In Arizona, election deniers refuse to back down

As Arizona counties face a Monday deadline to certify their midterm election results, Republican candidates and activists promoting false theories of voter fraud are refusing to back down.

State Senator-elect Jake Hoffman, head of Arizona’s Freedom Caucus, a group of largely pro-Trump Republican state lawmakers, told Reuters he will lead an investigation into the state’s election when the legislature reconvenes in January.

Right-wing activist Steve Bannon, a former Trump administration official and promoter of election conspiracy theories, said voting machine mishaps on the Nov. 8 Election Day tainted Democrat Katie Hobbs’ victory over Kari Lake, the Republican candidate for governor who has refused to concede.

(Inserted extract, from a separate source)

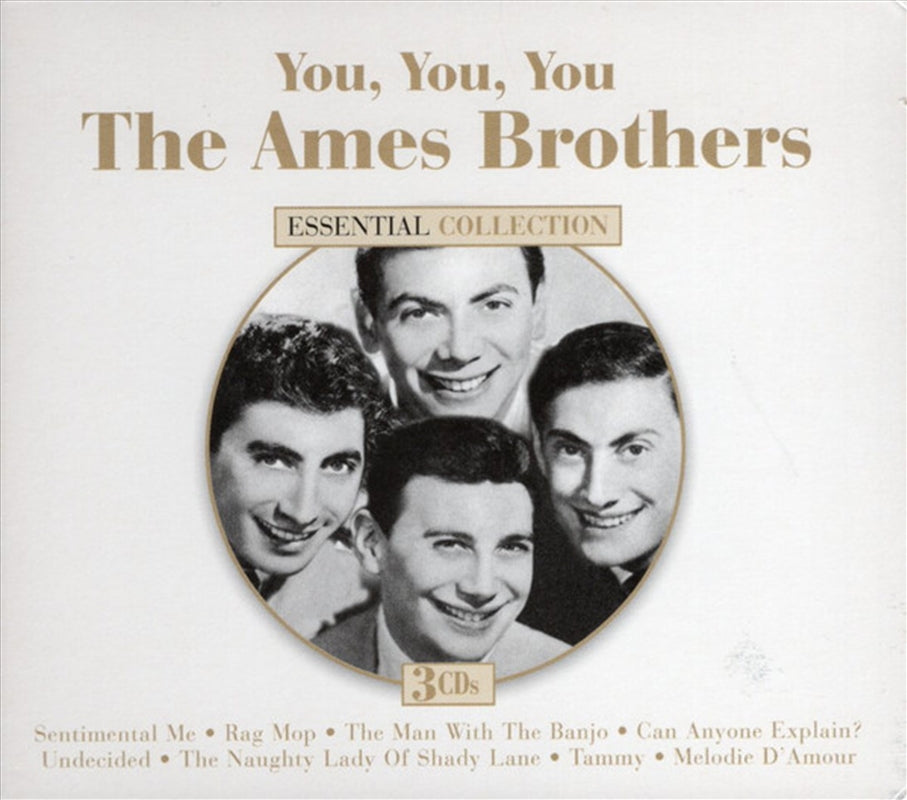 Ames Brothers You You You - Ames Brothers Cd Album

Hobbs “will never be considered legitimate,” said Bannon, who has been providing Lake counsel. “That’s going to cripple her ability to govern. So that’s why this is a crisis. There’s a crisis for the entire state.”

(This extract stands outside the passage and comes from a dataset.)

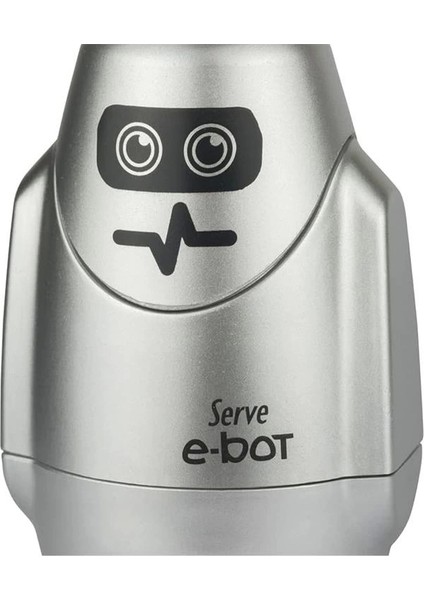 E-Bot Sılgılı Kalemtıras Metalık Grı 4lu Set modelleri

Lake, a vocal supporter of former President Donald Trump, was one of dozens of Republican candidates who questioned or denied the outcome of the 2020 presidential election and lost in the midterms.

The defeat of Lake and other election deniers was seen as a powerful rebuke of candidates who echoed Trump’s myths of a stolen election.

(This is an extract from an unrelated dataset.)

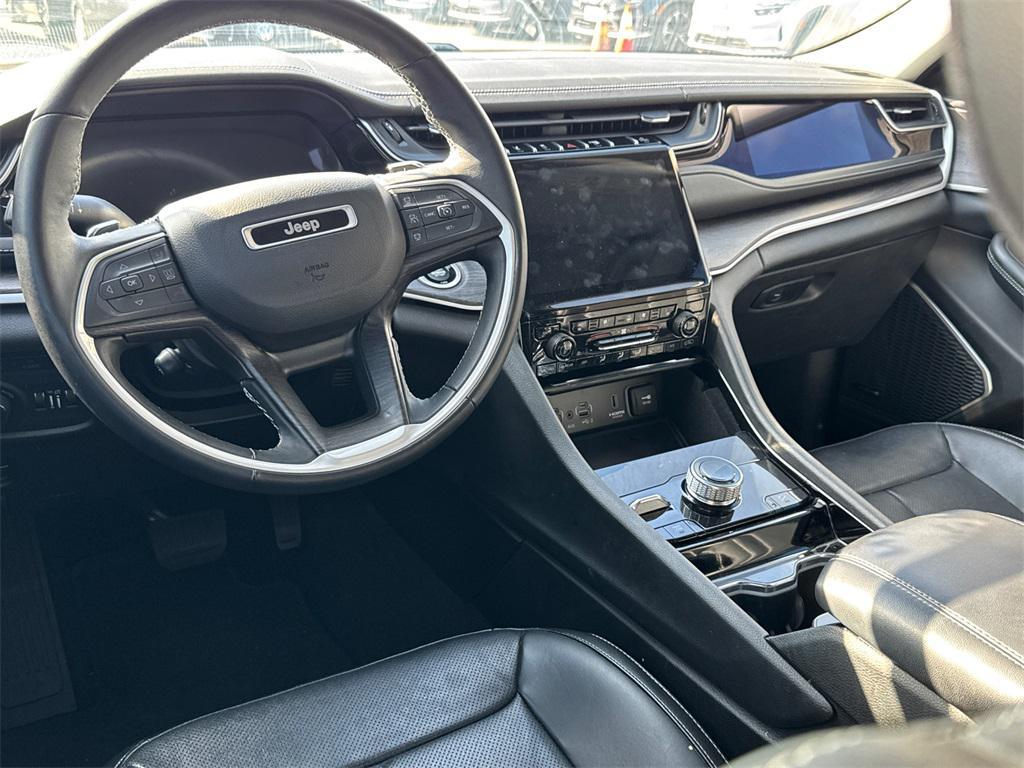 used 2022 Jeep Grand Cherokee 4xe car, priced at $26,333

Lake, however, has remained defiant after her 17,116-vote loss.

“We know we WON this election and we are going to do everything in our power to make sure that every single Arizonan’s vote that was disenfranchised is counted,” Lake said in an interview posted on her Twitter account on Saturday.

Lake’s team filed a lawsuit in state court on Wednesday against Maricopa County, demanding information on voters whose ballots were affected by voting machine problems. Her Republican colleague, Abe Hamadeh, who ran for attorney general and lost by 510 votes, has filed a lawsuit against his Democratic opponent as well as state and local officials, seeking to overturn his defeat.

In Maricopa County, tabulators at 71 of 223 polling stations were unable to read ballots because of printer ink problems on Election Day.

County officials said the issue was quickly addressed. Affected voters could deposit ballots in a secure on-site container called “box three” or wait for another ballot or travel to another polling center.